« Petit » divertissement signé par l'un des monstres du nouvel Hollywood, Peggy Sue s'est mariée fait partie de ces œuvres de commandes acceptées pour renflouer les caisses et recréer un contact avec un public frileux. Ce n'est pas une raison pour Coppola de signer une œuvre impersonnelle. Et pour nous de bouder notre plaisir.
Devenu l'autorité suprême du nouveau modèle américain avec Le Parrain et Apocalypse Now, Francis Ford Coppola, connait pourtant rapidement le retour de bâton avec l'échec retentissant de Coup de cœur et la faillite de sa propre société de production indépendante Zootrope. Les années 80 s'annoncent ainsi plus modestes, surtout que rapidement, l'ambitieux Cotton Club concrétise malheureusement la chute. Au départ envisagé pour Penny Marshall (Big, Une équipe hors du commun, Hocus Pocus) finalement écartée car débutante, Peggy Sue s'est mariée arrive finalement entre les mains d'un Francis Ford Coppola en quête de rédemption commerciale. Le ton de la douce comédie et l'idéalisation nostalgique n'est pas forcément ce qui le caractérise le plus, mais pourtant avec quelques réécritures, ce démarquage évident de Retour vers le futur pour adulte, finit bien évidemment par répondre aux thèmes qui vont traverser tout le cinéma du cinéaste au cours de cette décennie et celles à venir : le temps qui passe, le regard nostalgique, la surimpression des époques, la jeunesse perdue... Ces 60's dans lesquelles va s'évader la quadra Peggy Sue par un simple évanouissement, sont aussi celles de la jeunesse du réalisateur, ou du moins une vision plus idéalisée plus proche du American Graffiti du copain George Lucas que celles de ses précédents Outsiders et Rusty James.

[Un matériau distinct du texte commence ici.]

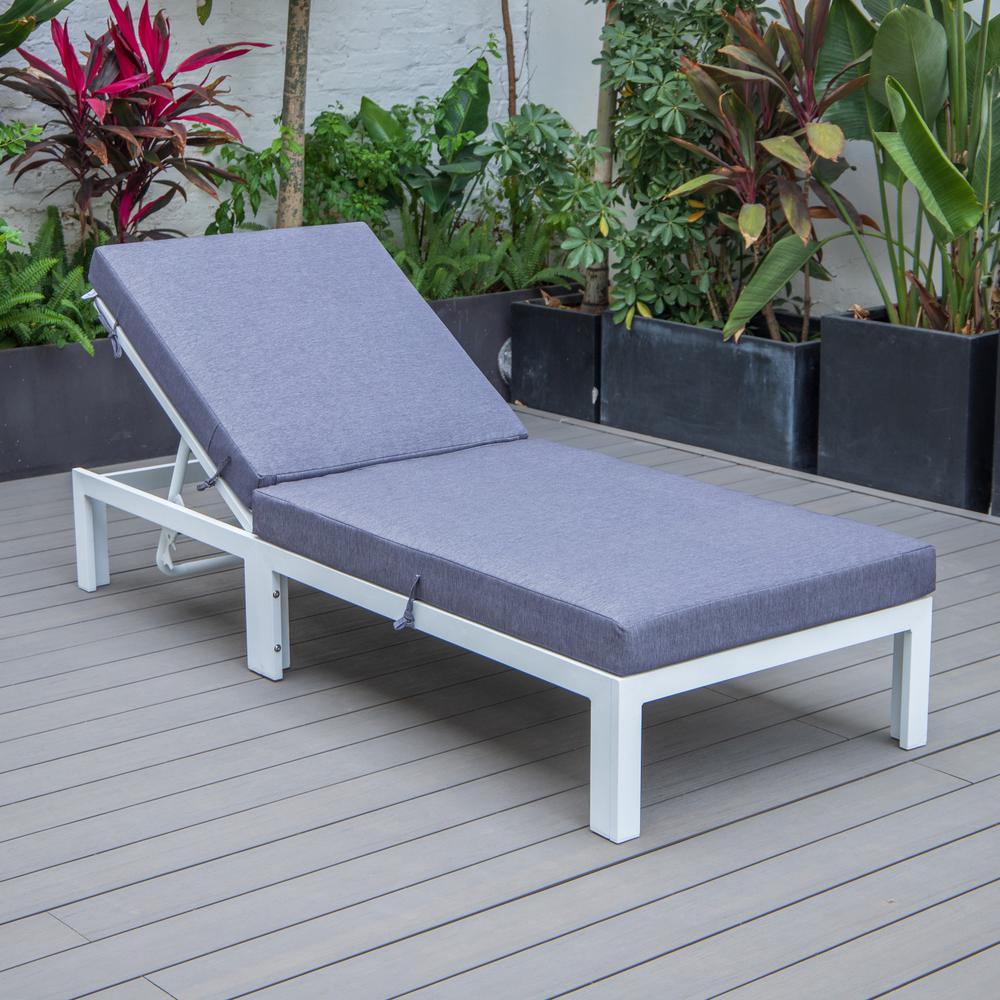 Chelsea Modern Outdoor White Chaise Lounge Chair With Cushions. Picture 6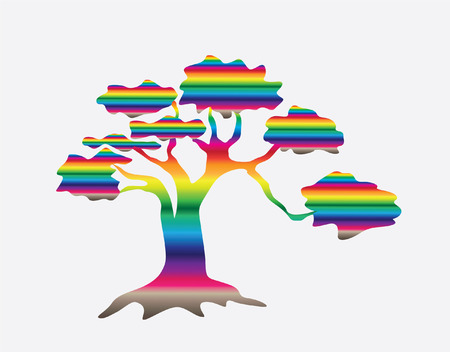 multicolor abstract tree in rainbow colors, symbol of natureのイラスト素材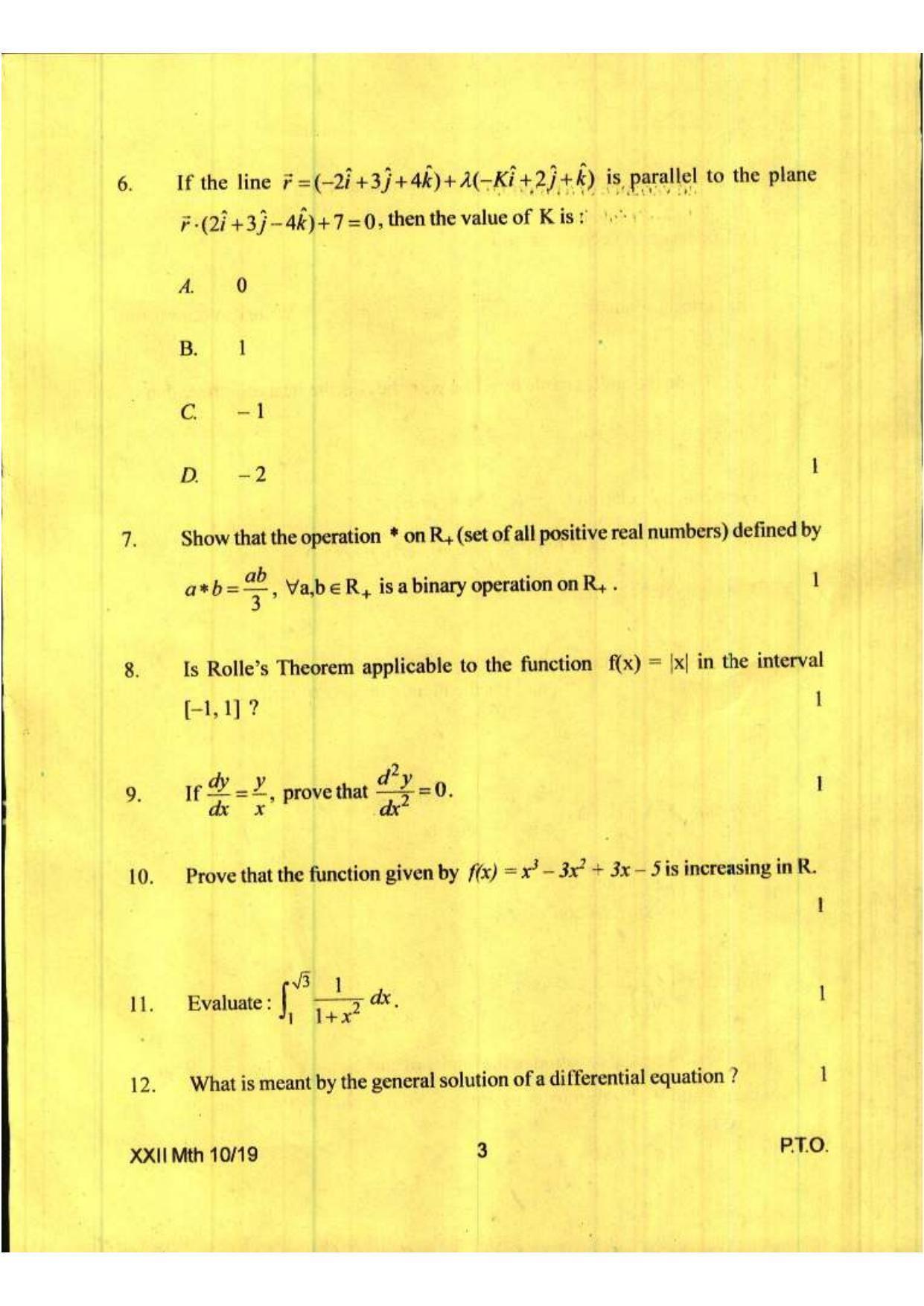 COHSEM Class 12 Mathematics 2019 Question Papers - Page 3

Pas de vilains gangs de jeunes délinquants ici, mais une illustration aussi colorée et sucrée que les bonnes vieilles comédies hollywoodiennes, les sitcoms et les illustrations publicitaires, qui tranche forcément avec le portrait du couple éteint formé par Peggy Sue et Charlie Bordell, ex-roi et reine du bal de promo (tout est dit), dans un monde contemporain déjà très habité par le "c'était mieux avant". Il manque sans doute dans Peggy Sue s'est mariée une vision plus acérée, plus politique ou du moins plus lucide, venant critiquer justement l'image d'Epinal vouée à s'effondrer durant les 70's, pour que le métrage s'extraie vraiment de ses contours de divertissement léger, de fable contemporaine charmante. Mineur sans doute, mais ce voyage floconneux dans les regrets de l'héroïne reste assez irrésistible grâce à ce couple improbable formé par la rêveuse Kathleen Turner (très loin de Les Jours et les nuits de China Blue) et Nicolas Cage (fabuleux en crooner du pauvre) qui comme dans les comédie du remariage sont inévitablement voués à retomber dans les bras l'un de l'autre, à réaliser la force de leur amour premier. Accompagné d'une sacrée bande de jeunes débutants allant de Joan Allen à Sofia Coppola en passant par un Jim Carrey déjà phénoménal, les deux acteurs jouent admirablement sur la corde sensible entre phantasmes d'une jeunesse des possibles (aaah ce beau poète rebelle et ténébreux...), désirs de la maturité et ces évidences qui font parfois le sel de la vie. Un vrai regard adulte sur un genre d'habitude plus enchanté que cela, plus prompte à bousculer le destin, que Coppola encadre brillamment entre deux plans séquences, fixes mais renversants, installant un double effet miroir où se télescopent deux décennies lointaines, deux reflets faussés, deux Peggy Sue, dont la finalité est et restera d'être l'épouse modeste mais heureuse d'un vendeur de matériel hifi. Le rêve américain réduit au plus simple.